投資の基礎 経済学編 景気循環の4つの局面
こんにちは。
exit.です。
今回は経済の景気循環の4つの局面
①好況期
②後退期
③不況期
④回復期
について簡単に解説したいと思います。
新型コロナウイルスによるパンデミックが発生しているという特殊な経済状況ではありますが、基本的なサイクルを知っておけば今後を考える際に役に立つと思います。
①好況期
財政政策:公共事業の削減(財政政策の緊縮化)や増税(消費意欲を減退させる)を行う
金融政策:景気過熱を抑えるために、金融引き締め策(例:売りオペレーションなどで市場から資金を吸い上げることによって金利の上昇を狙う)などを行う
長期金利:金融引き締めを受けて、金利は上昇する
株価:好調な経済状況を受けて上昇する
②後退期
財政政策:公共事業の拡大や減税などによる景気刺激策を議論し始める
金融政策:景気後退を受けて、金融引き締めから金融緩和への舵を切り始める
長期金利:金融緩和策を受けて、金利が低下し始める
株価:経済指標の悪化を受けて、徐々に下落に転じる
③不況期
財政政策:財政出動(公共事業の拡大などの支出増加)を本格化させ、減税などの景気刺激策(減税による消費意欲の刺激)をとる
金融政策:金融緩和策を実行して(買いオペレーションなどで市場に資金を流入させることによって金利の下落させることを目的)、不況からの脱出を狙う
長期金利:金融緩和策を受けて、金利は低下する
株価:下落(場合によっては暴落を伴うこともある)
④回復期
財政政策:公共事業などの景気刺激策を徐々に減らしていく方向になる
金融政策:金融緩和策については継続を行うが、追加の金融緩和についてはなくなる
長期金利:金融緩和策の継続を受けて、金利は低水準で安定的に推移する
株価:経済の回復によって、上昇基調に転じる
財政政策については、不景気の時には、公共事業を増やすことで需要を増やし、供給サイドを引っ張ることにより、景気を刺激することを目論んでいます。また、景気が過熱しているときは、公共事業を減らすことで、需要を抑制し、そして増税することで市場からお金を吸収することで、景気の過熱を防ぐ役割を果たそうとします。どちらの場合も、政府が直接需要に働きかけることができる政策です。

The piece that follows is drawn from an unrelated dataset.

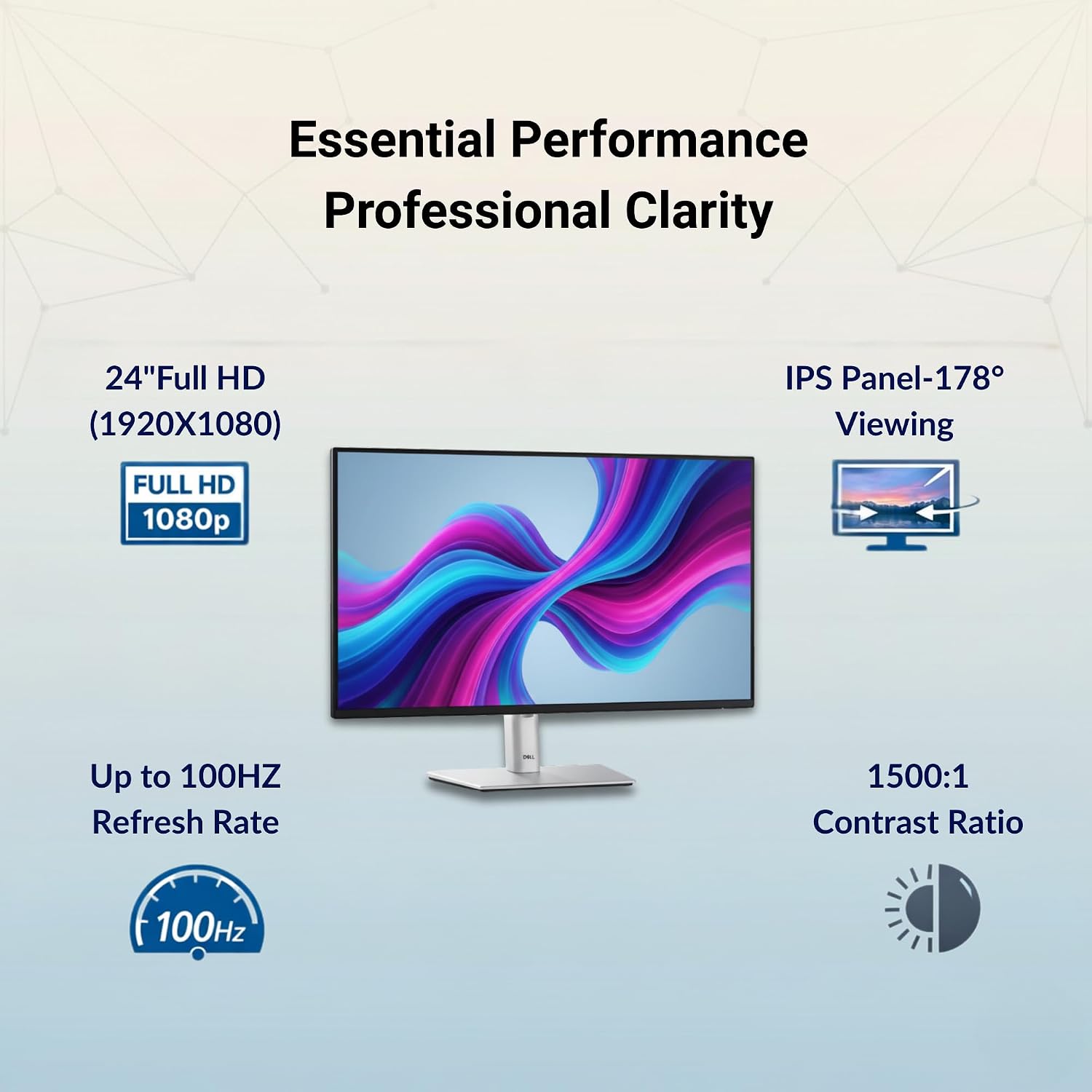 Dell P2425H Computer Monitor Screen 24" 16:9 IPS Display with Stand - 100Hz Full HD, 1920 x 1080 with DisplayPort, HDMI, USB 3.0 Upstream & Power Cable - New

一方、金融政策については、金融の引き締めと金融緩和で効果の出方に違いがあることから、「金融政策の非対称性」があると言われます。金融の引き締めに関しては、日本銀行が保有している国債などの金融資産を民間金融機関に売却(売りオペ)によって市場から資金を吸収したり、政策金利を引き上げることで企業の借り入れよる資金の調達コストを上げたりすることで、景気の過熱を抑える効果があります。金融緩和は、その逆で日本銀行が民間金融機関の保有する金融資産を購入(買いオペ)することで市場に資金を供給したり、政策金利を下げることで、企業の借り入れによる資金調達コストを下げたりすることで、景気の浮揚を狙うものです。ここで、金融引き締めは市場から資金を吸収することで需要を減退させる直接的な効果を持ちますが、金融緩和は民間金融機関からの貸し出しを増加させることで民間企業の需要を増やそうとするという間接的な効果しか持ちません。引き締めが直接的な効果を持ち、緩和は間接的な効果しか持たないことが、金融政策には「非対称性」があると言われる理由です。
ここに書いたことは、一般論ですので、政権や政策、他国の状況などによって大きく影響を受けることもあり、ここに書かれている通りにはならないこともあります(むしろ、最近では多いかもしれませんし、現在のような特殊な状況となるとさらに一般論とはずれることになります)。ただ、皆様自身で、今が景気循環のどの局面なのか、次はどのようなことが起こると予想されるのかを自分なりに考えながらニュースを見たり、新聞を読んだりすることで、また違ったものの見方や考え方や発見ができるようになるかもしれません。
次回もまた、皆様の出口戦略に役立つ情報を発信できればと思います。